Friday, January 25, 2008

A Moment Of Bliss...

I just happened to watch Sanjay Leela Bhansali’s Saawariya and was left feeling...well... cold. It is supposed to be based on Fyodor Dostoevsky’s “Sentimental Love Story” – White Nights. What a complete wreck Bhansali has made out of it... Does he not understand that not all stories can be stretched to epic proportions just to make a neat profit?

White Nights is a simple story. It is the tale of a loner -- a dreamer and a romantic—who finds love in a chance encounter with Nastenka, a simple little girl who is, in turn, waiting for her lover. They meet for four nights, against the backdrop of the ‘white nights’ of a St. Petersburg summer. The love lies in their connection, in their friendship, in their conversation, in the way they pour out their hearts to each other, though they are strangers to one another.

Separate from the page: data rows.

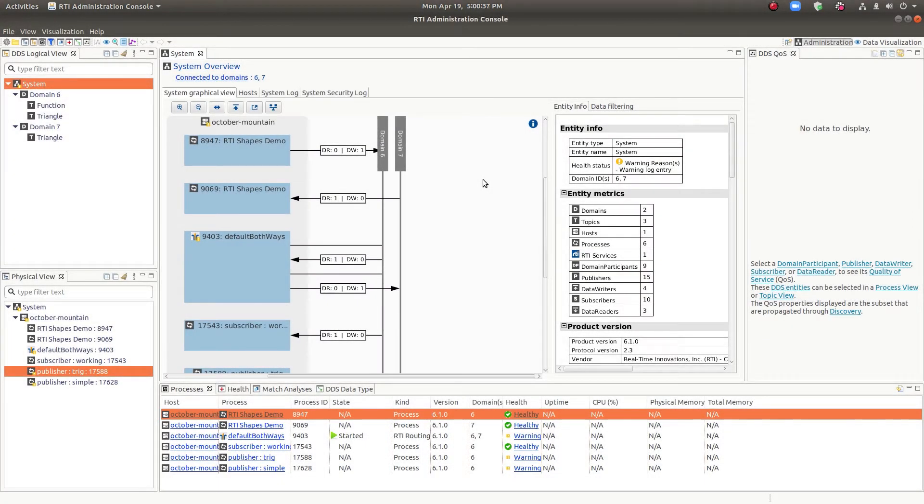Hi, my name is Ken Brophy. I'm the Tools Team Lead here at RTI, and I'd like to give you an overview of Admin Console.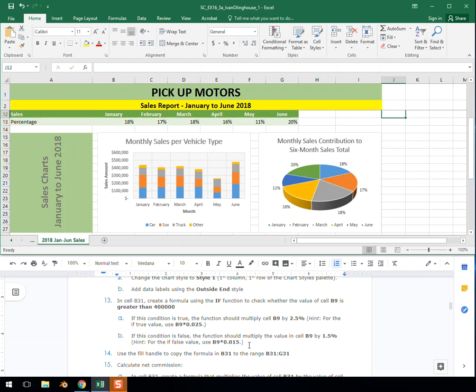If this condition is false, the function should multiply the value in cell B9 by 1.5%. For the if false value, use B9 times 0.015.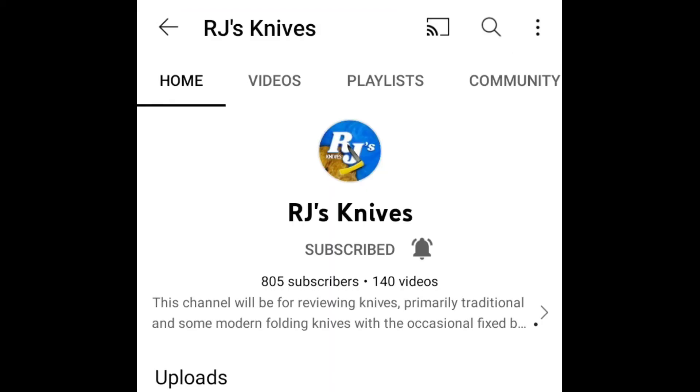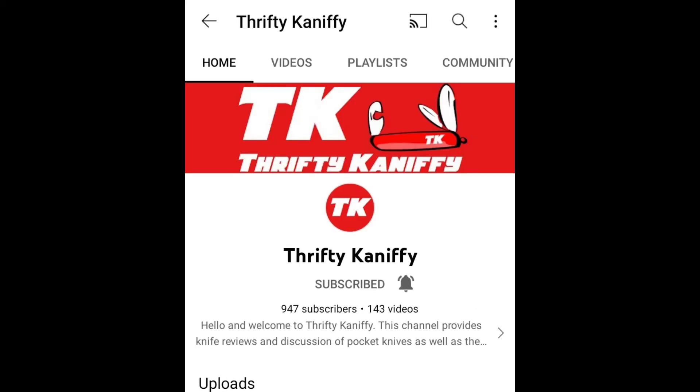Thank you for everybody that's been helping RJ's get up there. If you haven't, let's try to get RJ up to a thousand, and also Thrifty Kniffy—he's pretty close also. If you haven't subscribed to either one of these guys, they're great, and we can help them get up to a thousand. Maybe they'll have live chats.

Yet, when Nastenka’s lover returns, she leaves the nameless friend, and goes away with her lover. But there is no bitterness on the part of the nameless friend :

“ But that I should feel any resentment against you, Nastenka! That I should cast a dark shadow over your bright, serene happiness! (...) Oh no – never, never! May your sky be always clear, may your dear smile be always bright and happy, and may you forever be blessed for that moment of bliss and happiness which you gave to another lonely and grateful heart!

Good Lord, only a moment of bliss? Isn’t such a moment sufficient for the whole of man’s life? “

The dreamer’s hands rise up in benediction over Nastenka’s future, such is the effect of the moment(s) between them. It refreshes him, and gives him the strength to live his life all over again. Dostoevsky here explores fully man’s inherent loneliness, and his need for love, for human company...a fact that is especially relevant in the life of modern man. The need may be fulfilled only for moment, as in the case of the protagonist of White Nights. It is for him to savour the moment, make the most of it, make it last his life as the one moment that changed the way he looks at life forever...

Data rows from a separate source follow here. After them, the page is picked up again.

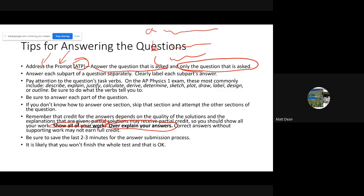I don't think you'll see a lot of math on this year's AP exam, but if you do get asked a simple math question, show the equation you're using, substitute in your numbers, work it out, show your answer with units, and explain how you got there. Make sure you save the last two to three minutes of your time for submission. It is highly likely that you will not finish the test — that's okay, it's designed to be that way.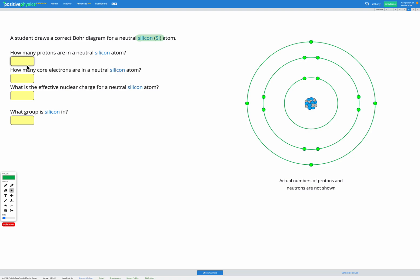So we've got 14 protons in a silicon atom. If we look at our diagram and count how many electrons are shown, we've got two in the first energy level, eight in the second energy level — that's ten in total — and four in the outer energy level, the valence energy level. That's a total of 14 electrons, which is correct because it matches our number of protons, and since it's a neutral atom the positively charged protons must match the negatively charged electrons.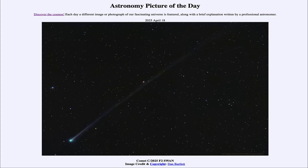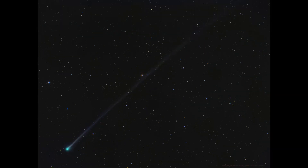Greetings and welcome to the Astronomy Picture of the Day podcast. Today's picture for April 18th of 2025 is titled Comet C/2025 F2 Swan. Here we see an image of a comet as taken just a few days ago, back on April the 18th. This is Comet Swan.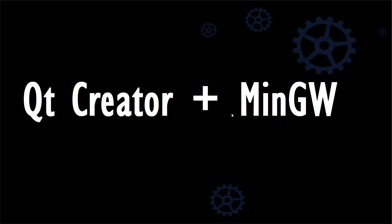Now, in this one, I'm going to be going over downloading and installing both Qt Creator and MinGW. So for those of you who don't know what either of these things are, Qt Creator is just a free cross-platform alternative to Visual Studio, and MinGW stands for Minimalist GNU for Windows, and it's just going to be a bunch of Windows ports of GNU-native tools like GCC and Make.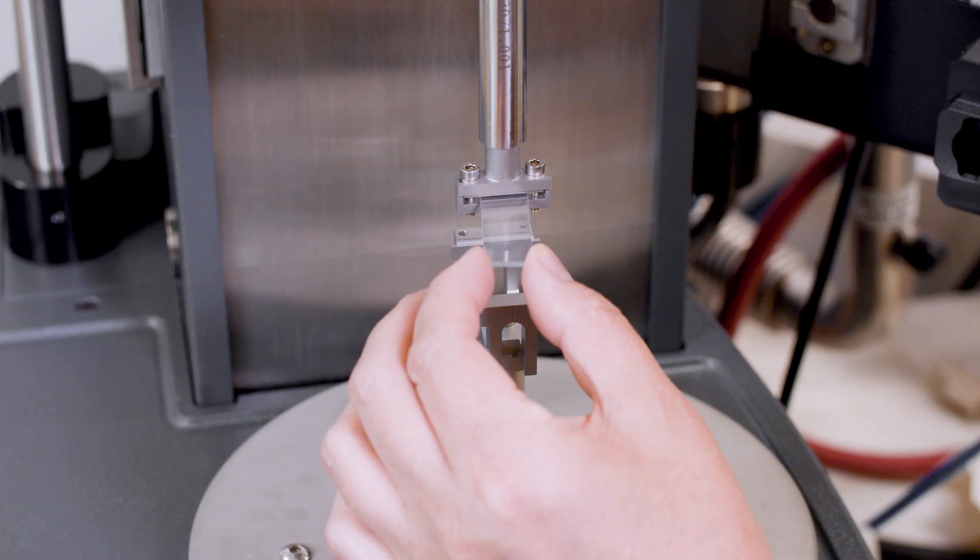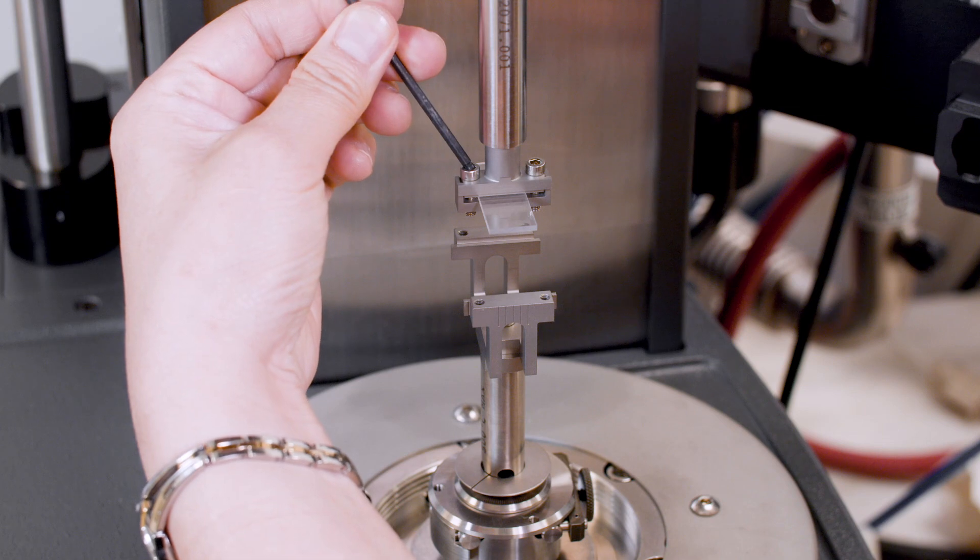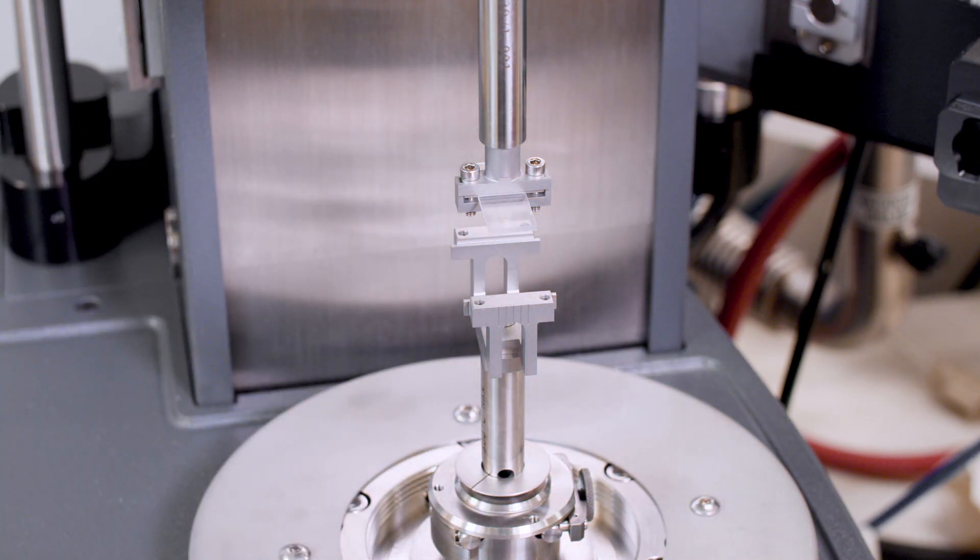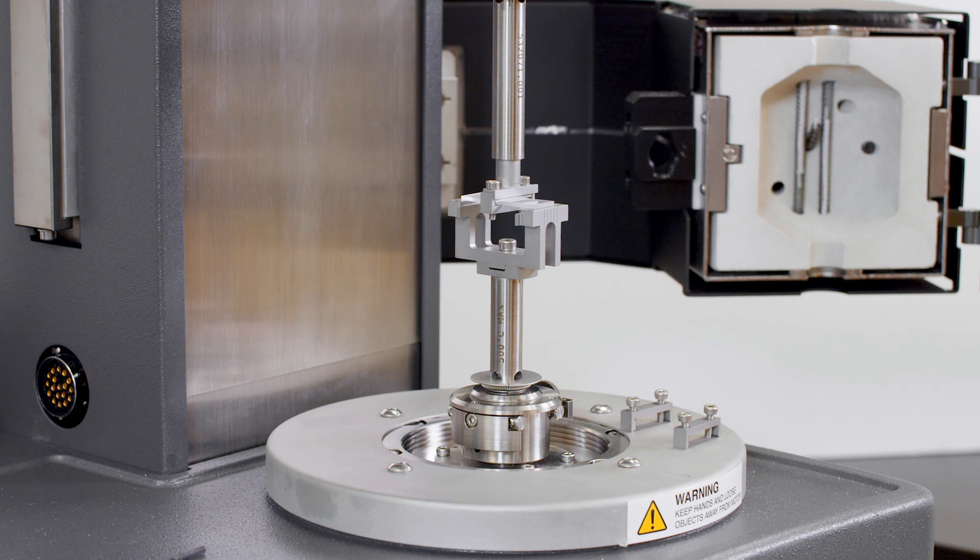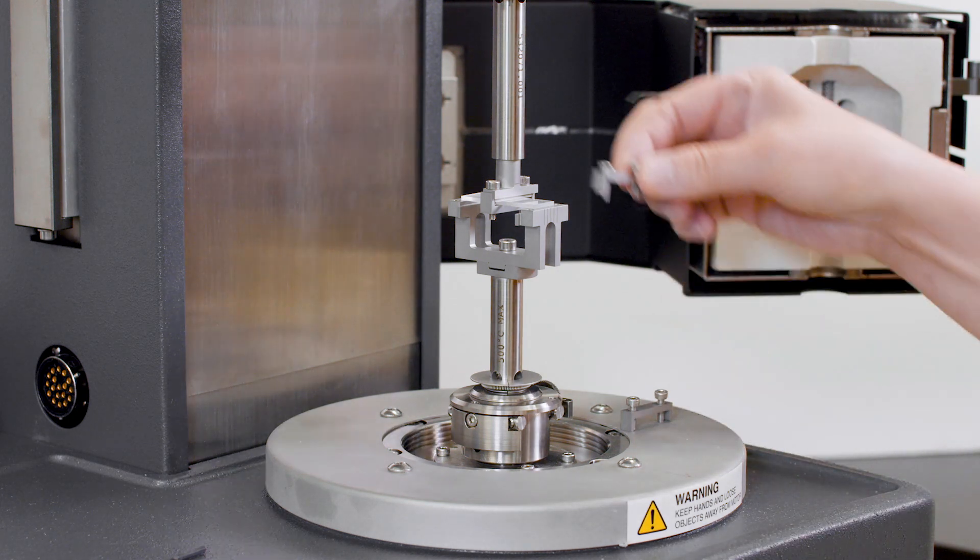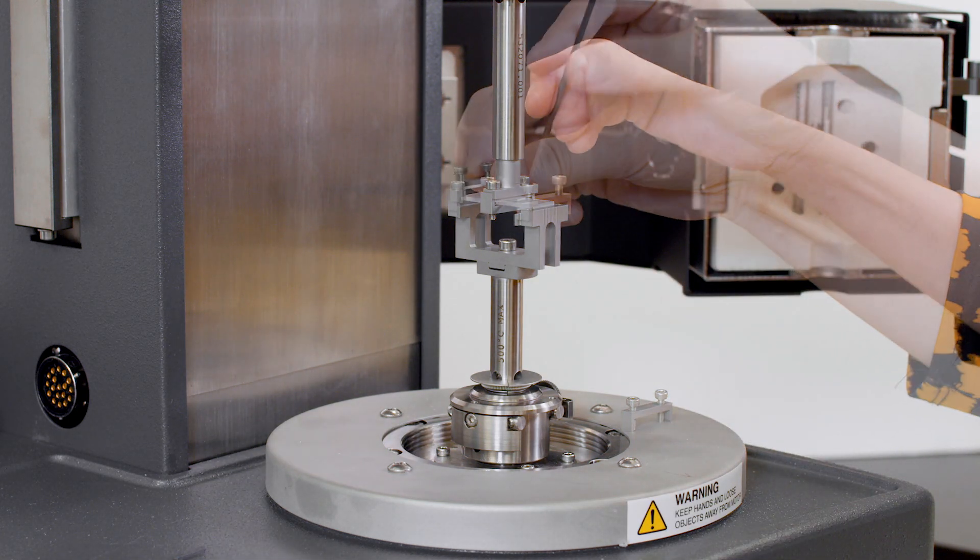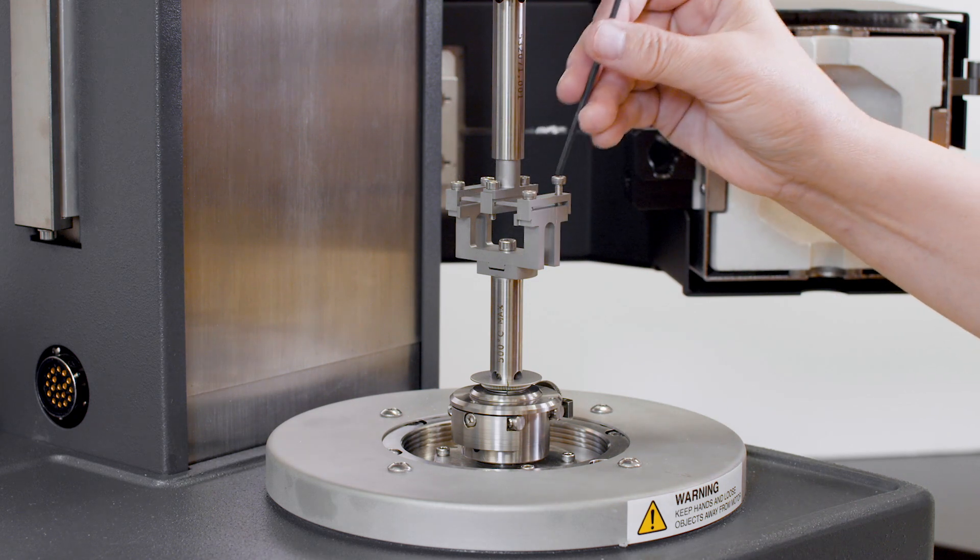Insert the sample to the upper clamp and tighten the screws. Slowly lower the upper clamp until the sample is in full contact with the bottom clamp frame. Then, put the clamp face on and tighten the screws.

One wonders whether something should be made out of that moment.. would a relationship really have the same quality of beauty and clarity that a moment of connection does? I suppose it cannot. And therefore, to try and convert a moment of love into a long-lasting relationship, or a long-lasting situation, is a futile effort. Over the years, the relationship changes, as do the people involved in it. Perhaps the relationship changes precisely because the persons do. And perhaps this is why White Nights ends as it does. Would the nameless protagonist choose to write about Nastenka if he did marry her? Her charms would have worn out for him after years of marriage and the daily business of living in the real world (which is notoriously not pretty, and lacks charm). Perhaps this is the same reason why Jesse and Celine (from the film Before Sunrise ) remember each other so well, and want to meet each other again- yet end up doing so ten years later (in the sequel, Before Sunset). Such magical connections of love are not meant to be confined within the defined norms of a long-lasting “relationship” – they rise above that, they go beyond, into a different realm where there are ideas but no illusions; where love is enhanced by lust, not diminished by it; where reality supersedes the best that imagination has to offer, yet is by no means unreal .

And perhaps it is the touch of the tragic, the sense that the moment is not to last, the ephemeral nature of the whole thing, that gives the moment its everlasting beauty. Proving yet again that man’s life is a complex pattern of paradoxes and ironies.. while it is defined by the eternal quest of man for that symbol of beauty, of grace and love ; that something that would give meaning to his entire existence...a Nastenka.